Today, organisations are dealing with an unprecedented range of new challenges and risks that require many of them to revisit and take a new look at Enterprise Risk Management. The King III Report on Corporate Governance recommends that: “The board should ensure that management monitors the risk management plan effectively and continually”.
Due to the complexity of most organisations and the ongoing focus on costs, there is an increased focus on adopting innovative ways to assess and manage risk while enhancing performance.
Organisations are increasingly making use of improved business process understanding and knowledge of financial, operational and compliance risks to improve governance, manage risk and improve overall market and stakeholder trust.
Many organisations have found it efficient and cost effective to implement automated controls within their IT systems to assist with the management of these risks.
Advances in technology are making it possible to continuously monitor or audit the business architecture of organisations through robust data analysis procedures (data analytics).
Organisations that have moved to a continuous monitoring and auditing environment experienced early benefits in fraud risk management and procurement. In addition to the financial benefits that can be achieved from implementing a continuous monitoring and auditing framework, organisations may experience the following benefits:
- Improved organisational ability to ensure compliance with regulations and employees’ compliance with internal policies and procedures
- Increased detection and prevention of fraud and misconduct and a reduction in the number of such incidents
- Reduced time required to conduct audits and investigations and the establishment of standardised audit results.

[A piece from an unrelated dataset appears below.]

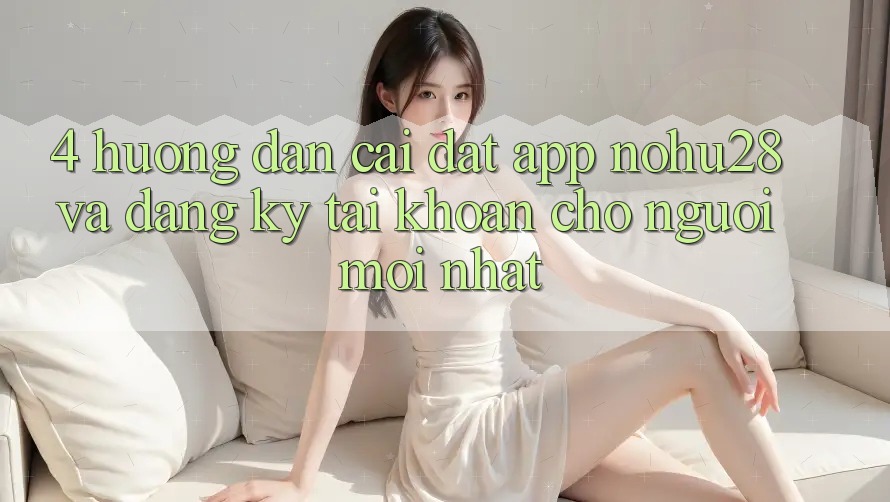 4. Hướng Dẫn Cài đặt App Nohu28 Và Đăng Ký Tài Khoản Cho Người Mới nhất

Tracking results can help organisations evaluate the improvement of the control environment over time. Continuous auditing and monitoring can operate at various levels of automation and business architecture.
In many instances, implementing continuous monitoring/auditing is seen as a technology-driven initiative. Although technology is a key driver, the success of continuous monitoring and auditing is highly dependent on the people and process aspects of the implementation. From a people and process perspective, the implementation usually brings about a cultural change in the organisation by enhancing the type, speed and visibility of information on risk and performance, which in turn has a significant impact on how business decisions are made and monitored.
The successful implementation of continuous monitoring and auditing takes commitment. Organisations can expect a variety of challenges, possibly the biggest being an organisation’s resistance to change and corporate culture regarding effective risk management.
Given the increasingly complex legislative and compliance requirements facing business today, continuous monitoring/ auditing is a fantastic approach to assist organisations in managing risks. While appropriate technologies also need to be considered, certain cultural and process changes are required for a continuous approach to be effective. This will enable organisations to better appreciate the benefits a continuous monitoring/auditing approach offers.